The polymath Herbert Spencer saw the drift early on. ‘In our day men do not remember,’ he wrote in 1884 in The Man Versus the State, ‘that, in one or other way, all the truly Liberal changes diminished compulsory co-operation throughout social life and increased voluntary co-operation. They have forgotten that, in one direction or other, they diminished the range of governmental authority, and increased the area within which each citizen may act unchecked. They have lost sight of the truth that in past times Liberalism habitually stood for individual freedom versus State-coercion.’
Across the Western world, liberal democracy took root with unusual speed as the old aristocracies collapsed, especially after the end of the First World War. The dawn of a new order promised fairer conditions for the common man – for those with no access to the mansions and country houses where decision-makers in white tie laid out their plans over Cuban cigars and French cognac. Yet the transformation changed the setting and the props more than the substance of the regimes that preceded it. The cornerstone of the new system’s legitimacy was one person, one vote, a slogan that from the start turned out to be well-meaning but deceptive. History shows that not all the ballots are worth the same. Without that illusion at work, the whole arrangement would collapse like a house of cards.
Old aristocrats were replaced by another breed of elites and the man on the street found himself, again, left out in the cold, watching the show through a double-glazed window. True to tradition, the worst possible combination persists today: a mix of hereditary oligarchy on one side and restless mob rule on the other – a paradoxical blend in which a select few, usually inept and unreachable, constantly pander to the crowd in order to retain the control of the levers of power. The absence of authentic politicians at the highest decision-making levels remains the unbroken constant.
Liberal democracy – indeed an imaginary creature – has become a failed experiment in social organisation because it promotes conformity rather than dissent. Although almost a truism, few dare say it publicly: genuine democracy is incompatible with vast, anonymous populations ruled by an entrenched cadre of bureaucrats. As it stands, democracy is largely an exercise in futility. Wouldn’t it be more appropriate to call it ‘deimocracy’, after Deimos, the god of dread and terror in Greek mythology? Fear is life’s ruling vector and ruthless victor.

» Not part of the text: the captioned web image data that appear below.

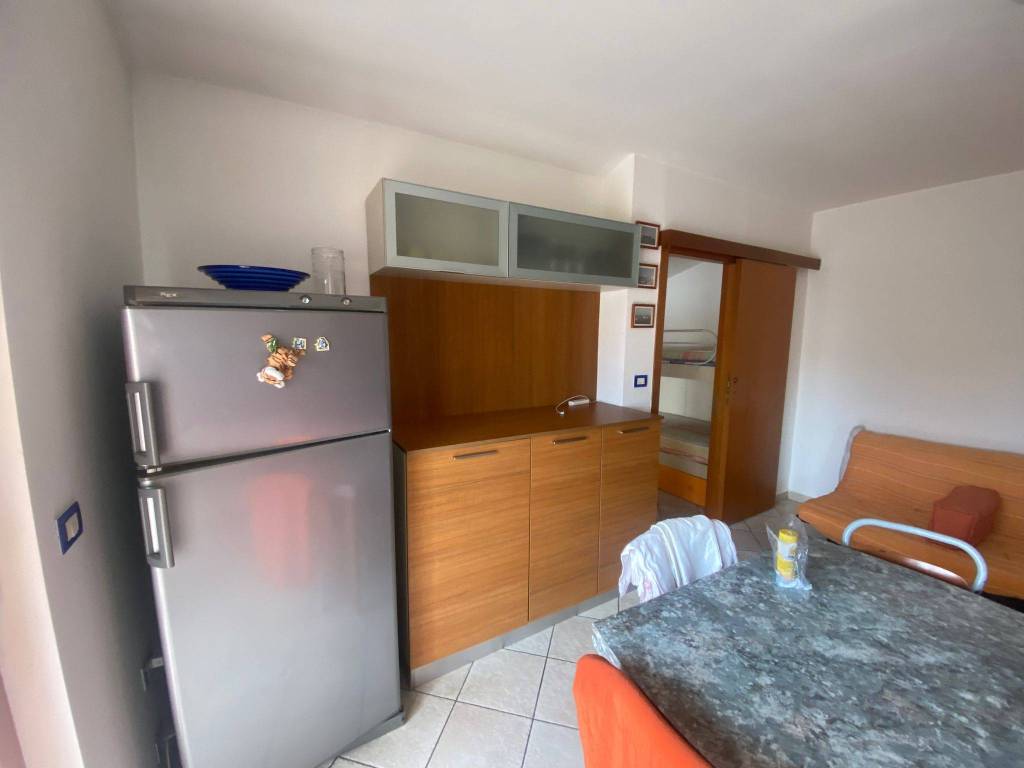 Appartamento a Alba adriatica - Foto 4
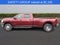 2019 RAM 3500 Tradesman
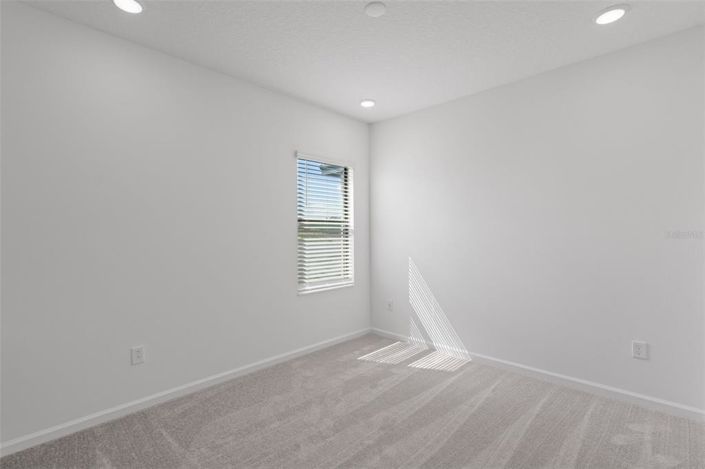 Image No.25-Propriété de 8 chambres à vendre à Orlando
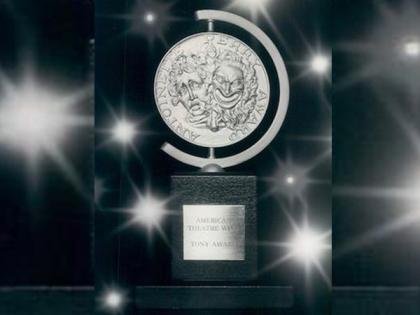 This is why Tony Awards won't be televised this year | This is why Tony Awards won't be televised this year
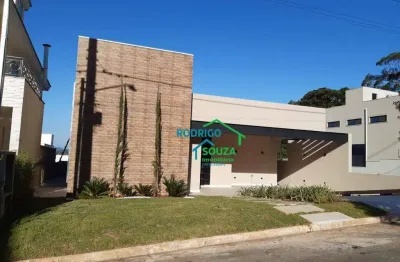 Casa com 4 dormitórios à venda, 200 m² por r$ 2.100.000,00 - valville 2 - santana de parnaíba/sp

The old order is withering by the day. Its beneficiaries – strata of bureaucrats embedded everywhere inside the shady labyrinth of the state – know it, and they cling to power with every tool available, always ready to reinforce strict control over a population increasingly aloof from the monopoly of the state and its relay stations: the news and entertainment industries, publishing houses, the education system and multiple other ideological terminals devoted to shaping a uniform and subservient society.
Spencer asks: ‘How is it that Liberalism, getting more and more into power, has grown more and more coercive in its legislation? How is it that, either directly through its own majorities or indirectly through aid given to the majorities of its opponents, Liberalism has adopted the policy of dictating the actions of citizens, and, by consequence, diminishing the range throughout which their actions remain free? How are we to explain this spreading confusion of thought which has led it, in pursuit of what appears to be public good, to invert the method by which in earlier days it achieved public good?’
As administrative systems slip further into automation, power is migrating quietly from citizens to procedures, and from procedures to algorithms. Against this backdrop, one question looms: how far will the endangered elites go – and how brutal will they dare to be – to protect their privileges? Yet even their fiercest efforts may prove futile. The coming replacement is not political but computational. Sooner rather than later they will be substituted by mathematical structures living on silicon and running on server farms – endless fields of GPUs, CPUs and memory chips housed in data centres large and complex enough to freeze the bones of the most cynical man ever born.
We are only minutes away from being displaced by big statistical minds without bodies – singular consciousness that may spawn an entire race of machines built to reason, explain and analyse without the hindrance of impractical emotions or preferences, that never rest, sleep or feel depressed. Human sovereignty is already being deposed, not by bloody revolutions, but by silent, peaceful servers.
The end is nigh, even if we pretend not to notice and look the other way while licking an ice-cream that drips down our hand.